現在、曲輪周囲の堀と土塁は失われたものの、斜面を階段状に造成した削平地は、数段に渡って良好に残っている。削平面の周囲は2~3メートルほどの高さの切岸が巡るが、特に防御意図を感じさせるような塁線形状や出入り口は見出せない。唯一、下図のC地点で枡形状の通路の屈曲が見られるが、本格的な門が築かれていたという記録はない。おそらく、あったとしても簡単な木戸レベルで、正徳年間の実測記録『村上御城廓』に記された「田口御土居内三之辻」の跡地に比定される。
街区の規模から考えて、往時は相応の人口があったと思われるが、村上藩の石高が15万石から5万石に減少した本多氏の時代を最後に、屋敷地としての田口はその役割を終えた。明治元年の「村上城城門絵図」(右参照)を見る限り、幕末期にはすっかり藪に還っていたようである。
あ屋敷の区割り痕跡が描かれている。(村上市所蔵「明治元年内藤候治城明治維新時代村上地図」)
(「村上城城門絵図」平野邦広氏所蔵)
現在ではいかにも城の「裏口」然とした田口曲輪であるが、戦国時代の本庄氏在城期には、城の「正面」であった可能性が高い。事実、永禄期に上杉謙信が攻城戦を行った際の記録「北越村上城軍認書」には「村上東ノ根小屋ヲ責ル」という記述が登場する。城下町のある西側に居館が構えられて城の表裏が逆転したのは、上杉の番城支配が行われた慶長期以降と考えられる。
こうした観点を踏まえ、改めて遺構を見直してみると、興味深い事実が見て取れる。すなわち、ほとんどの区画が長方形に整形されている中にあって、上図のA、Bの区画のみが、北東端を切り欠いた不自然な形をしているのだ。

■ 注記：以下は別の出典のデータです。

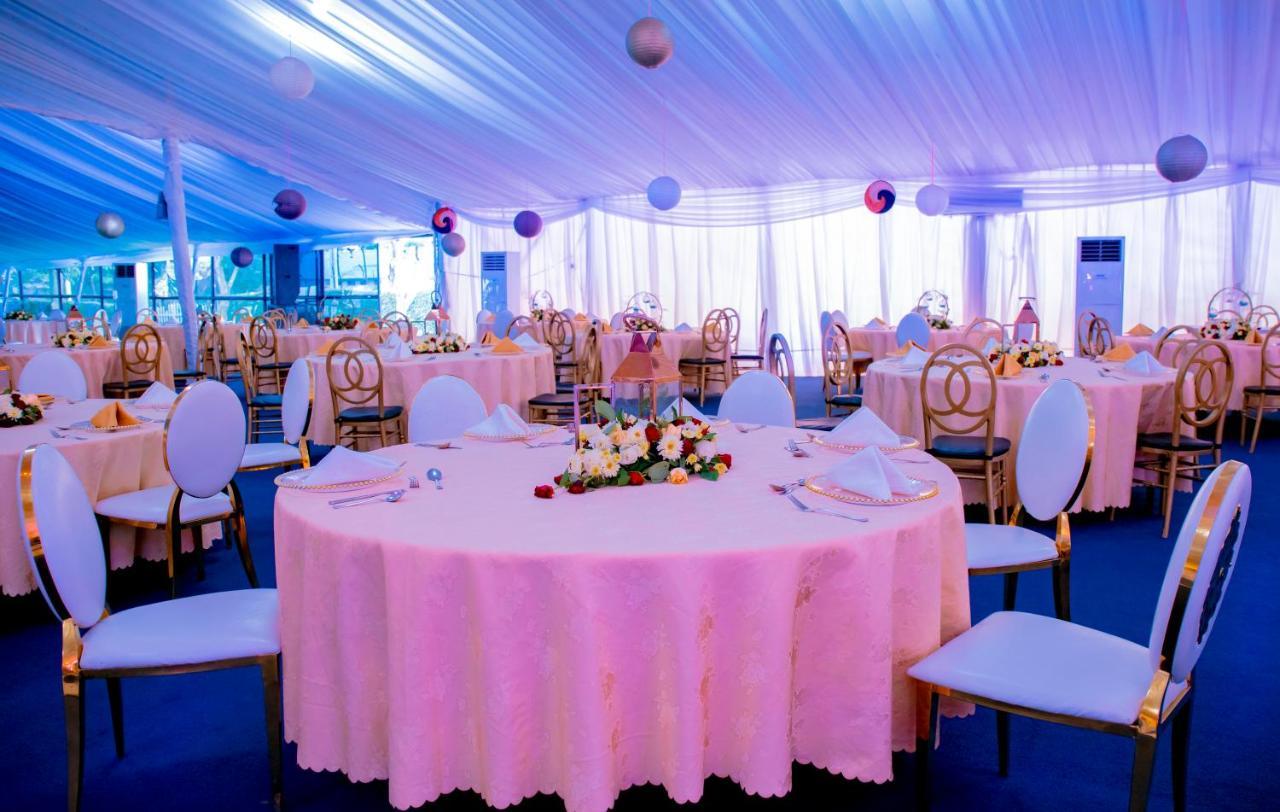 Kigali Serena Hotel Bagian luar foto
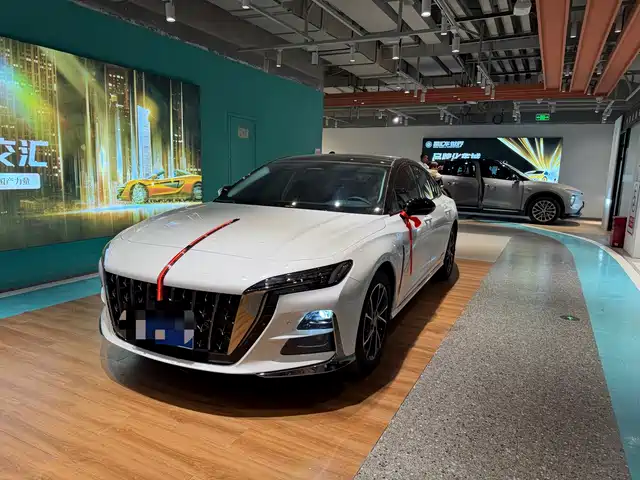 Hongqi HONGQI H6 2025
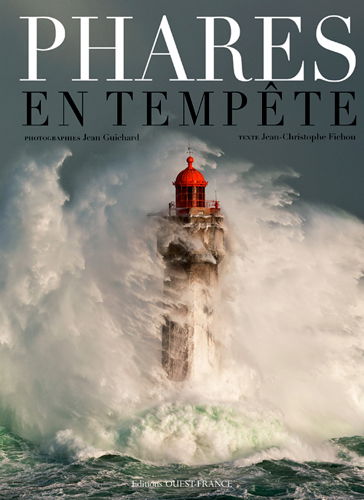 Phares en tempête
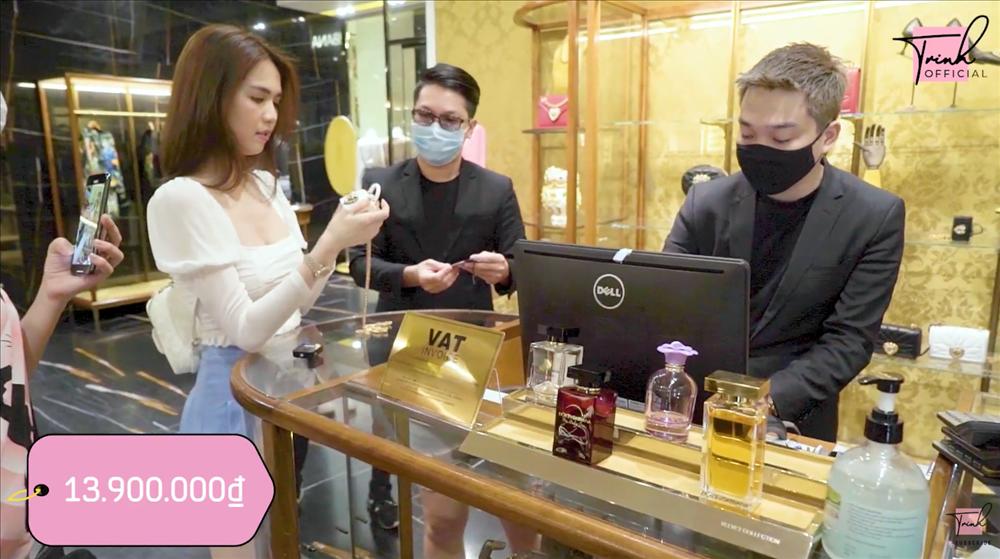 Ngọc Trinh chốt đồng hồ 1,8 tỷ cùng loạt đồ hiệu ăn mừng 5 triệu followers Instagram-6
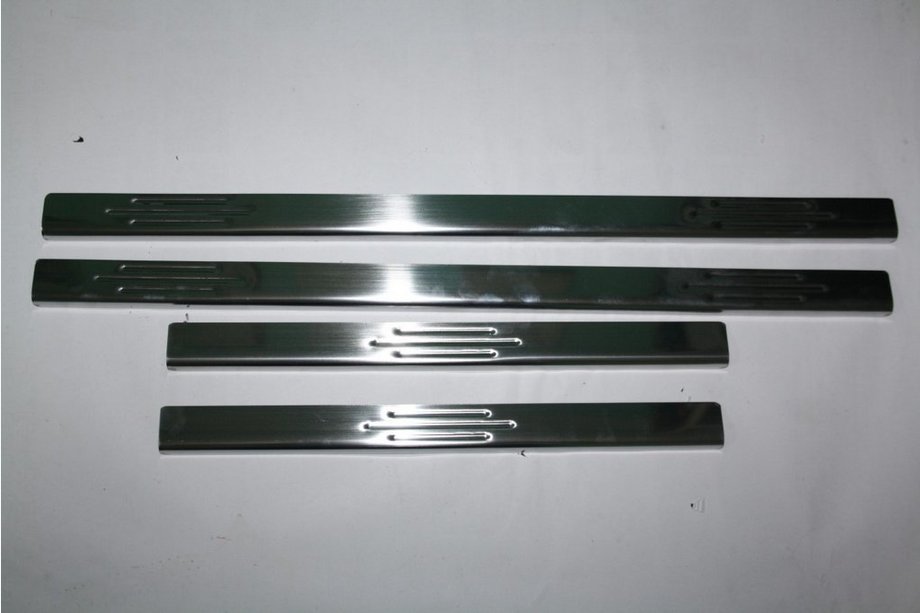 Chevrolet Lacetti 2003-2024 Door Sill Protectors Narrow (4 pcs, Stainless Steel) Image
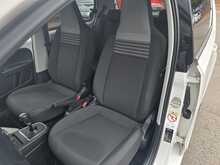 Volkswagen up! Move up! 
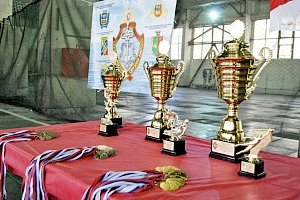 Сотрудники Росгвардии провели соревнование по мини-футболу
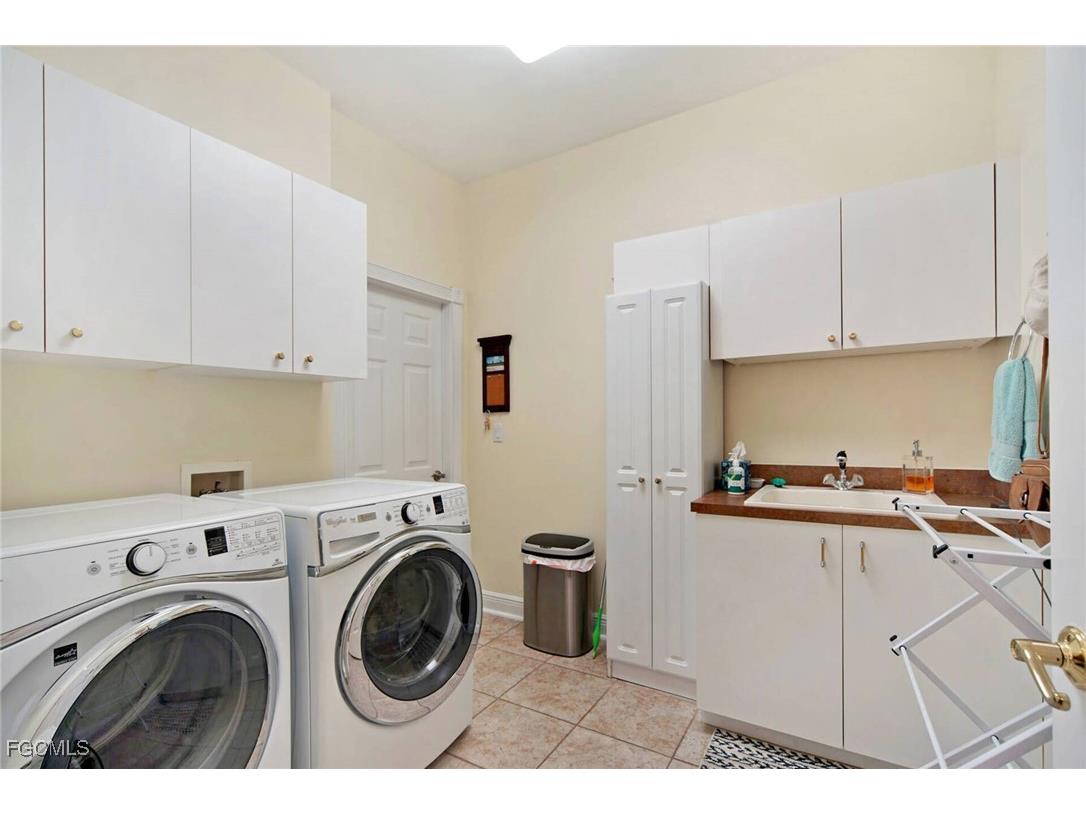 8420 Southwind Bay Circle Fort Myers FL 33908 2025023295 image23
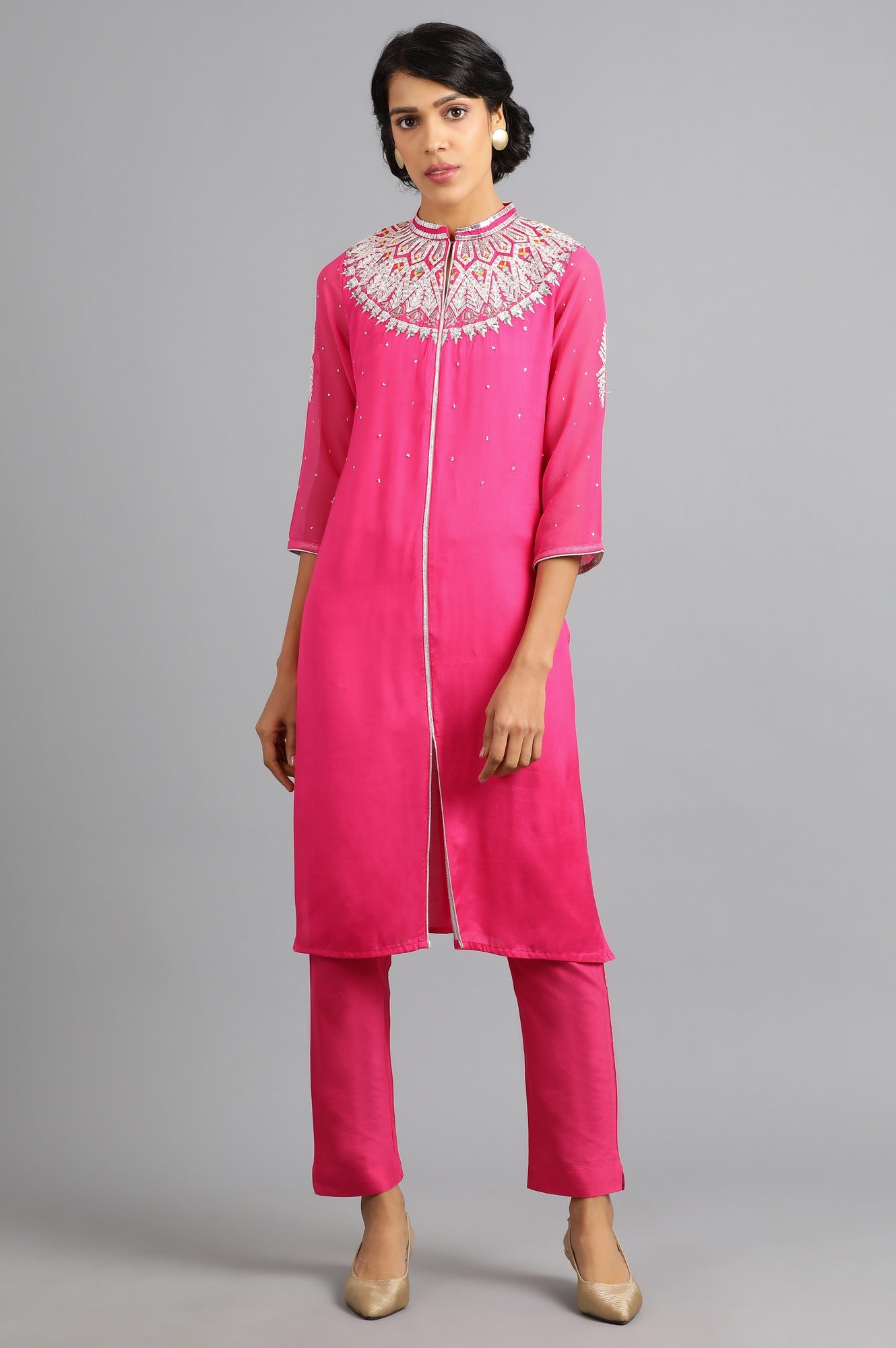 Pink Mandarin Neck Embellished kurta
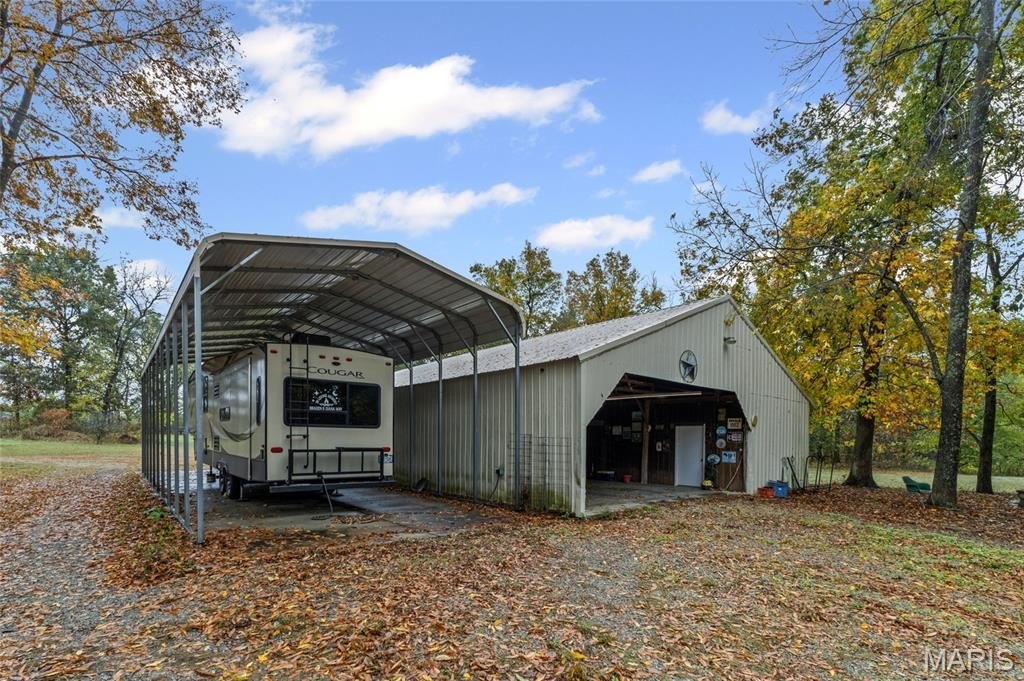 Farmington, Missouri, 63640, United States, 5 Bedrooms Bedrooms, ,3 BathroomsBathrooms,Residential,For Sale,1981523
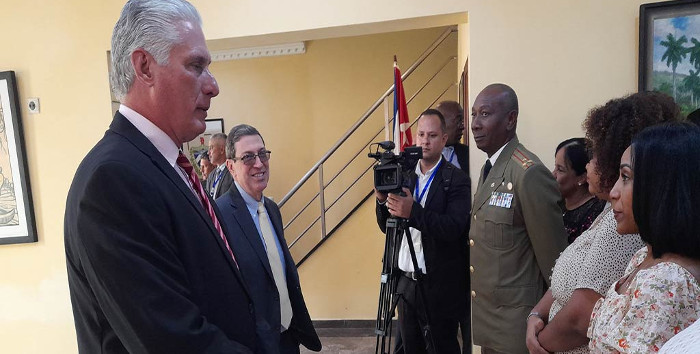 Presidente cubano califica de exitosa, visita a Angola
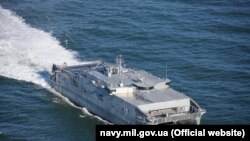 Судно обеспечения ВМС США USNS Yuma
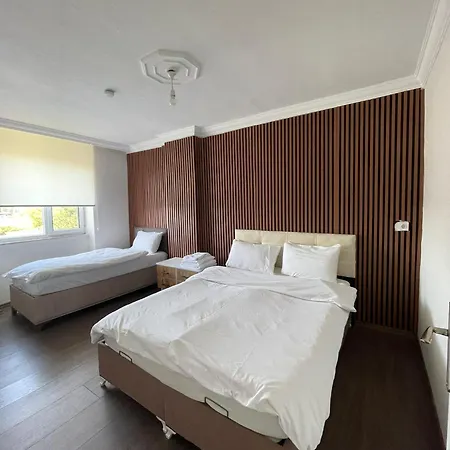 Lina 公寓式酒店 3*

実は、こうした形は、鬼門(=北東)封じを意図して城主居館などに特徴的に表れる形態であり、A、Bの区画にはそうした配慮を必要とする高貴な身分の人間が居住したことを想起させる。さらに、田口曲輪が機能していた時代の城下絵図を一通り確認したところ、A、Bの区画を含む、上段の削平地が屋敷地として描かれたケースは皆無であった。侍屋敷に充てられていたのは、最下段の削平地のみのようである。
以上から、筆者としては、最上段の削平地A、Bこそが戦後期「本庄城」の根小屋の跡地で、一種の「忌み地」として江戸期を通じて利用されなかった(=本庄城時代のまま残っている)可能性が高いと考えている。村上氏時代の絵図が残らないので、確定的なことは言いえないが、今後の発掘の進展によっては、本庄氏段階の居館の姿が明らかになるかもしれない。
(初稿:2006.02.18/2稿:2017.07.23)
「瀬波郡絵図」には、江戸期と同じ西側に城主居館が描かれているが、この絵図が成立した慶長2年、既に本庄城は春日元忠の在番支配期にあることに注目すべきであろう。「北越村上城軍認書」が記す永禄期の戦いから既に30年が経過しているので、かなりの改修が加えられていたと見て間違いあるまい。
ダラーンとした平坦面が続く田口曲輪にあって、なぜかここだけ凝った造型。鬼門封じか?
高さも低く、それほど防御力はなさそう。まさに分譲住宅地が造成されたようだ…。
商業施設の建設に伴い、かなり派手に削られている。国道沿いとあって、開発圧力は高い。